All patients were treated in laminar airflow or high-efficiency particulate absorption air filtered rooms during the early post-transplant period, until they had an absolute neutrophil count above 1 x 109/L. Infection prophylaxis usually consisted of levofloxacine, fluconazole, acyclovir and co-trimoxazole or aerosolized pentamidine (S1 Methods). Patients were screened weekly for CMV by antigenemia and/or PCR in blood. Pre-emptive therapy with ganciclovir was initiated after a positive antigenemia or PCR and discontinued after at least two consecutive negative results. Epstein-Barr virus (EBV) viral load was not assessed before 2006. Since 2006, it was quantified by PCR upon clinical suspicion and therapy with rituximab was initiated if it was > 10,000 copies/mL. A pet-CT was usually performed in these cases, in order to exclude EBV-mediated post-transplant lymphoproliferative disorder (PTLD).

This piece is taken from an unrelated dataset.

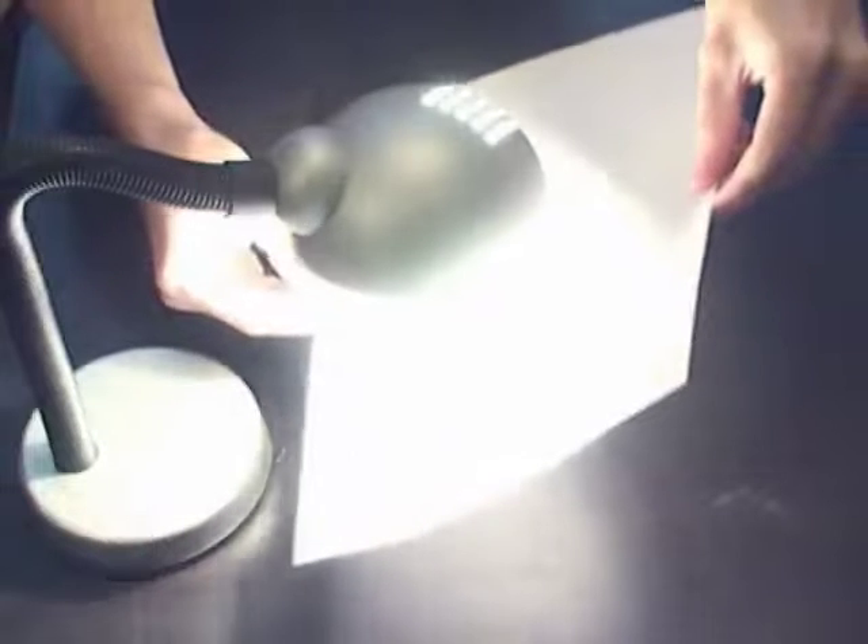Step 3. Hold the paper near the light bulb to expose it to the heat, but don't rest the paper on the bulb.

Serious infections after PBSCT

Only serious infections, potentially associated with clinical compromise, were considered in this analysis. They were defined, as previously described [25]:

  • Serious bacterial infections-These included bacterial infections of any organ site requiring i.v. therapy and/or hospitalization. Bacterial infections were either microbiologically proven or presumed based on the combination of clinical presentation and response to treatment with antibiotics. Bacteremia by coagulase-negative staphylococci, Micrococcus spp and saprophytic Corynebacterium spp were excluded in this analysis, as well as infections of intravascular devices because of possible exogenous contamination and potential for reporting bias.
  • Serious viral infections–These included CMV and EBV viremia requiring treatment, and other documented invasive viral infections requiring i.v. therapy and/or hospitalization (such as disseminated form or visceral involvement of herpes family virus infections, adenovirus disease, B or C viral hepatitis and lower respiratory tract infections by respiratory viruses). CMV disease was diagnosed according to previously reported criteria [26].
  • Serious fungal infections–These included any invasive fungal infections. Invasive aspergillosis was defined as proven, probable or possible according to standard criteria [27]. Interstitial pneumonia caused by Pneumocystis Jiroveci was considered as fungal infection.
  • Serious parasitic infections–These included toxoplasmosis and other invasive parasitic infections. Infection-related mortality was defined as death from infection as the primary cause of death, basing on the Copelan hierarchical scheme for causes of death assignment [28].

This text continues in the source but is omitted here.